The agenda has not succeeded in the United States, however. The best they’ve done is get the biggest U.S. ISPs – Comcast, Verizon, AT&T, Time Warner, Cablevision, etc. – to sign a deal last summer with music companies (EMI, Sony, Universal, Warner) and Hollywood studios (Disney, Viacom, Time Warner, News Corp., Universal, Sony) that will see them take on the notice and notice procedures and possibly some additional measures voluntarily.
The agreement is colloquially known as the six-strikes-and-we’ll-see approach because the higher-level deterrents bandied upon in public relations campaigns are seldom used in practice. Yet, online communication rights supporters lambasted even this limited role, and worry that the measures will be steadily ratcheted upwards under relentless pressure from the copyright industries.
The notice and notice regime contemplated by the Copyright Modernization Act is stricter than the U.S. approach, but not as punishing as the “three strikes” measures put into place in France, the U.K., New Zealand and Ireland, among others.

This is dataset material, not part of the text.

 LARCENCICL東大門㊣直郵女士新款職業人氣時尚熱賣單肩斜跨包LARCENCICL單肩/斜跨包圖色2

C-11 is right to reject the three-strikes approach pushed by the recorded music industries. This also comports well with a recent UN Internet & Human Rights report that emphatically states that “cutting-off users from Internet access … on the grounds of violating intellectual property rights law … is disproportionate and … a violation of … the International Covenant on Civil and Political Rights.”

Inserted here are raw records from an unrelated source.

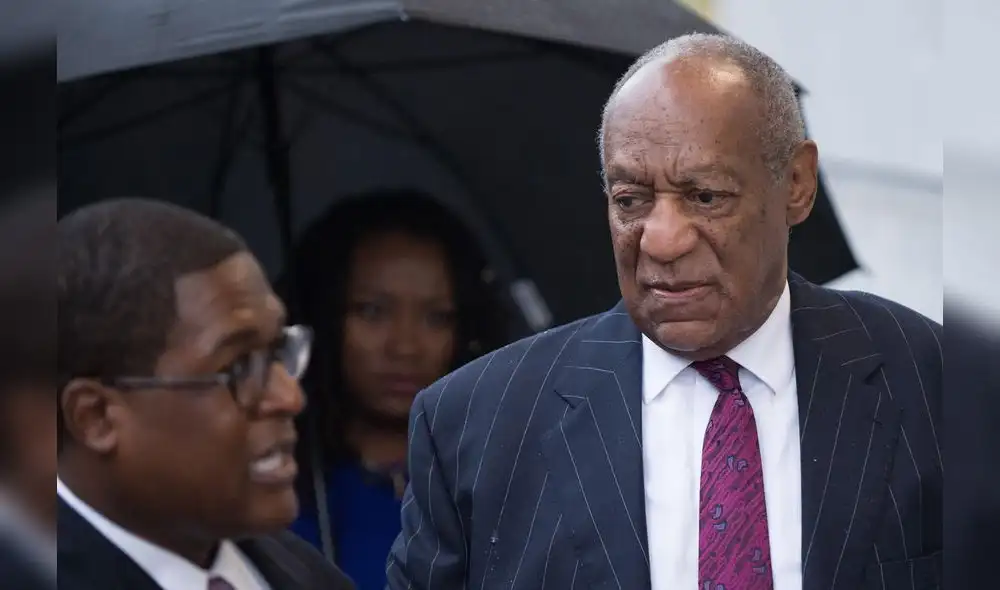 Bill Cosby pasó solo su primera noche en una prisión de Phoenix Bill Cosby pasó solo su primera noche en una prisión de Phoenix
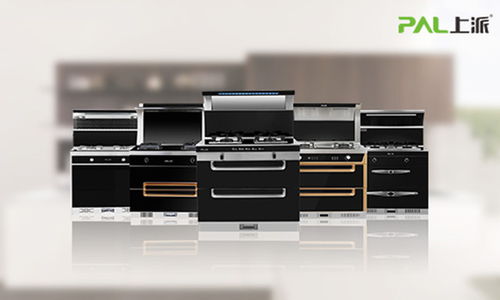 上派集成灶 筑牢安全基石，驅(qū)動創(chuàng)新升級
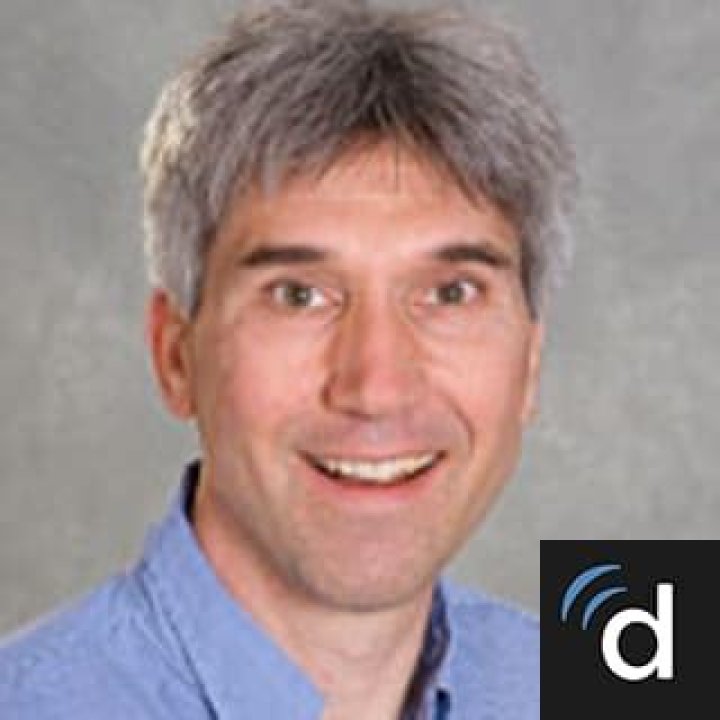 Dr. Randon Woodworth, MD – Richfield, MN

Still, however, C-11 is problematic because it takes voluntary measures arrived at among a half-dozen or so incumbent telecom and cable companies and applies them to the rest of the 400-500 small ISPs that exist across Canada. The new law will force them to assume roles that most have rejected on privacy and freedom of expression grounds.
Second, the new bill mandates that all ISPs retain data on those targeted for notices for six months and to disclose the identity of Internet subscribers under court order. This is a new element introduced by C-11 over and above the current voluntary arrangements. The goal should be to minimize, rather to increase, the collection and retention of subscriber data by digital intermediaries.
Third, as the Chilling Effects Clearinghouse and the Electronic Frontier Foundation’s Take-Down Hall of Shame illustrate, U.S. copyright claimants frequently launch claims based on broader assertions than the law permits. The chilling effect on free expression is considerable since many people simply stop whatever they were doing when sent a notice of alleged copyright infringement rather than wander on to uncertain terrain.
Copyright holders’ opposition to new user rights will also likely result in them working very hard to define these rights as narrowly as possible. A legally mandated notice and notice regime will serve them well.
C-11 will not turn ISPs and other digital intermediaries into gatekeepers on its own. Yet, the last thing we need is to give Canada’s vertically-integrated telecom-media-Internet conglomerates — Bell, Shaw, Rogers, QMI, Cogeco — more reasons to exert greater control over information flowing through their networks. They already discriminate in favour of their own services, and use deep-packet inspection technologies at very high levels relative to global standards (see here). Extending the notice and notice regime — plus new data retention and disclosure mechanisms — to all ISPs will only bolster the steady drift to network-centric models of control and perpetual copyright.
Seen in this context, digital locks are important but the possibility that notice and notice will become the law of the land deserves far more scrutiny than it has thus far seen.